A pesar de que quiera hacer creer que le interesa más exponer su propia intimidad que las de los otros, algunos de los momentos más agudos de Sexografías son cuando Wiener deja de preocuparse por describir los ambientes y lo que está sintiendo ella y se convierte en observadora de otros. Por ejemplo, durante una noche en el Bagdad, un bar porno de Barcelona, ve cómo dos mujeres casi desnudas bailan -y cómo lo celebran sus amigos- ante un hombre gordo que segundos antes comía papas fritas. “Por un minuto asisto a la culminación de sus más locas fantasías, todas encarnadas en su obeso amigo, que cumple un sueño que va más allá de toda raza, de toda frontera, de todo credo, de toda cultura, un hombre entre dos mujeres”. En otro texto, sobre la pornografía en 3D, confirma que la obsesión por eyacular en la cara de las mujeres permanece en todos los soportes: “la realidad virtual funciona -todavía solo para algunos-, pero cierto porno sigue siendo el mismo”. Otro momento brillante es cuando dice de Nacho Vidal que “ha hecho de su pene y sus malos modales su exitosa marca registrada”.

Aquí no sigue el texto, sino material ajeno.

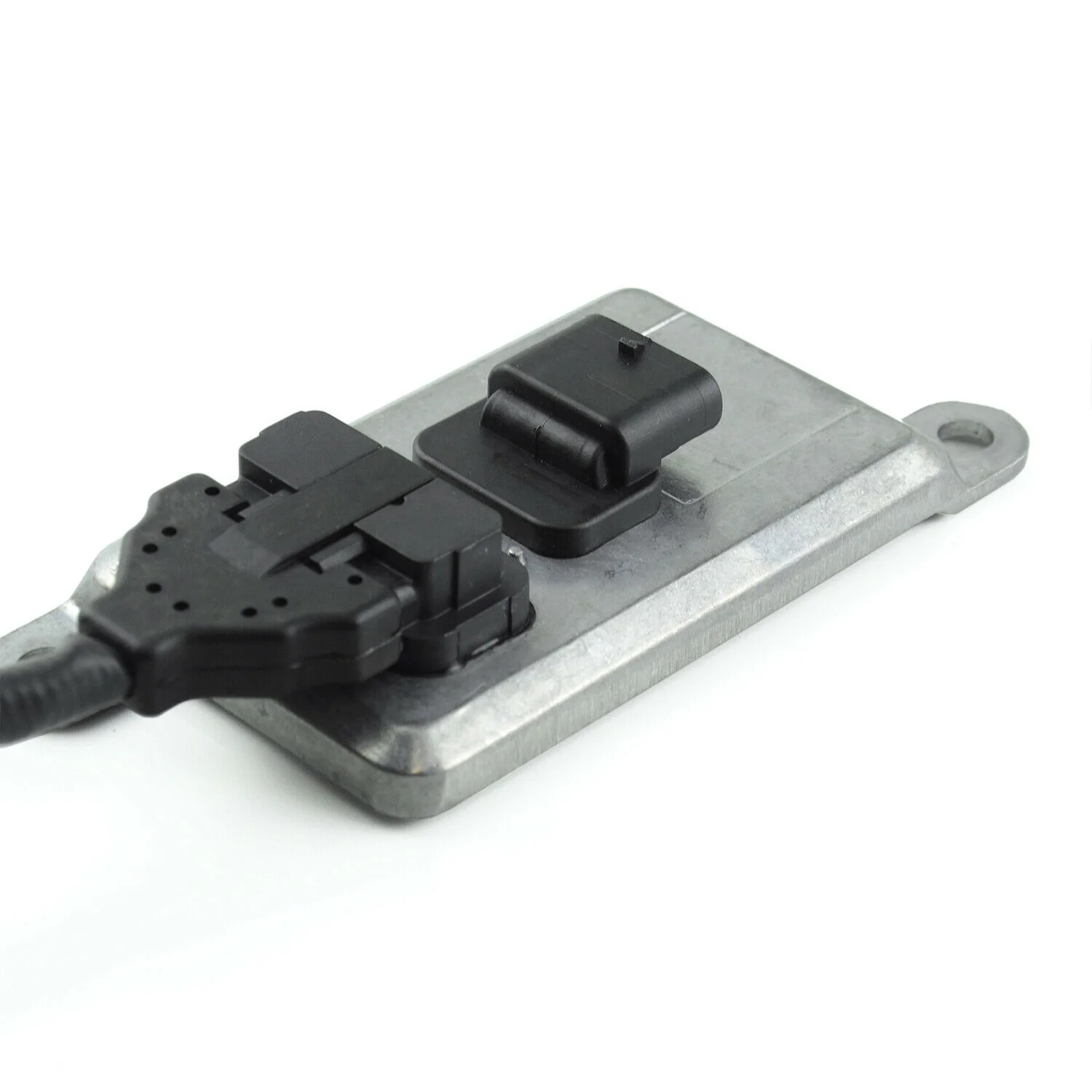 Nitrogen Oxide NOx Sensors A0091533628 For Mercedes-Benz SCR Catalyst 5WK96616D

Aunque en general la curiosidad de Gabriela Wiener es más que respetuosa de todas las formas de vida pensables, hay una crónica de Sexografías cuya imprecisión en los términos es difícil de explicar. “Trans” es una crónica larga, quizá la de formato más tradicional entre las incluidas en el volumen. Viene con una cantidad casi apabullante de datos y narra dos historias de transexuales que resultan ser una sola, pero cuenta todo hablando de mujeres transexuales con los artículos y adjetivos en masculino:

“Lo que está ocurriendo es una de esas cosas ‘para hombres’, como el fútbol o las películas de superhéroes. Y no puedo dejar de pensar en cómo sería un mundo sin mujeres. Después de todo, un transexual no es más que la proyección de lo que un hombre cree que es una mujer. Por eso a los hombres heterosexuales les gustan tanto los transexuales. Porque en estos tiempos son lo más parecido que encontrarán a su ideal femenino.” (Las cursivas son mías.)

Es probable que en 2008, cuando se publicó originalmente Sexografías, Wiener y sus editores todavía no hayan tenido la información que tenemos ahora sobre lo que significa ser transexual, cómo se diferencia eso de ser transgénero, cuáles son las formas en que esa comunidad prefiere ser retratada y representada. En 2015, en una reedición con pies de página llenos de “detalles que por alguna u otra razón no dije en su momento, o que simplemente añaden un comentario sobre personajes o situaciones que podrían percibirse hoy de una manera distinta a la que se percibían en los primeros años del milenio”, no habría sido difícil aclarar que la terminología usada responde a otro momento de la lucha de la comunidad no-heteronormal, o algo así. Parece que, en este caso, la introspección de Wiener le jugó en contra.

Otros descubrimientos entretenidos de Sexografías son esos momentos de más profunda sinceridad en los que admite que, un poco a pesar de sí misma, tiene ciertas expectativas más convencionales de lo esperado respecto al amor y al sexo. Escudada en una referencia a Georges Bataille, finalmente parece aceptar que le gusta más el sexo con su esposo -ahora también, supongo, con su esposa- que con extraños. En uno de los pies de página, cuenta la vergüenza que probablemente sentiríamos todas si tuviésemos sexo con un rey del porno… y no nos gustase. Son esos momentos los que, lejos de hacernos sentir culpables por juzgarla, acercan su percepción a la de la persona de a pie que no está dispuesta a someterse a un tratamiento masturbatorio para descubrir si la eyaculación femenina es o no es pis.

Wiener afirma en la advertencia de su anterior libro, Llamada perdida (2014), que ha vivido experiencias que “algunos encuentran audaces”. En Sexografías demuestra que es capaz de narrarlas, no solo para alardear de ellas -con todo derecho- sino también para dar cuenta de que en esas situaciones extremas sigue siendo una persona, una mujer, una peruana en el extranjero que duda, se siente incómoda y pregunta a último minuto si será muy malo tomar ayahuasca estando con la regla, como quien expande a empellones los límites de la literatura.